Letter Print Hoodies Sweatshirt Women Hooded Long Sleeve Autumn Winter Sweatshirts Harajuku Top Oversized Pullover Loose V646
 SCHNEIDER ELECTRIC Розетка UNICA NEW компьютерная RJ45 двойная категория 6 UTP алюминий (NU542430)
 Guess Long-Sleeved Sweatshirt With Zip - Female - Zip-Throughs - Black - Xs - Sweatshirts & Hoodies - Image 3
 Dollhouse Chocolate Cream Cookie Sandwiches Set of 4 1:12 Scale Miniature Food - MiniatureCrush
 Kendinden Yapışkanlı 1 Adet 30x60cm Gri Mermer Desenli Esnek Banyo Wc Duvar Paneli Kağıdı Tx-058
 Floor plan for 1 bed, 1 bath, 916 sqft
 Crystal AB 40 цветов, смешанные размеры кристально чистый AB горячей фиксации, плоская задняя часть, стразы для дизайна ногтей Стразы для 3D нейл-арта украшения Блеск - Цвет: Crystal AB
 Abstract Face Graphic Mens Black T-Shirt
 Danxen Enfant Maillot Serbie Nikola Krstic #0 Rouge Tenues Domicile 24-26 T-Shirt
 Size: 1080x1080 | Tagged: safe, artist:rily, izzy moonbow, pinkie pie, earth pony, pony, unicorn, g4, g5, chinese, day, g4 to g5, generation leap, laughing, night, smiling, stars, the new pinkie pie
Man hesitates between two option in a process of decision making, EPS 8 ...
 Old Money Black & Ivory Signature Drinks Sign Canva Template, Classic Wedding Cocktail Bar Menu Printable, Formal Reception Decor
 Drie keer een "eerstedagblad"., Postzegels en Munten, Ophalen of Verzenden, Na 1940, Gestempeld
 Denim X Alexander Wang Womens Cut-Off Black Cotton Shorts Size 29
-.-.-
Exercise: Whenever a line above contains "Hoodies", copy that line.

Solution below:
Letter Print Hoodies Sweatshirt Women Hooded Long Sleeve Autumn Winter Sweatshirts Harajuku Top Oversized Pullover Loose V646
 Guess Long-Sleeved Sweatshirt With Zip - Female - Zip-Throughs - Black - Xs - Sweatshirts & Hoodies - Image 3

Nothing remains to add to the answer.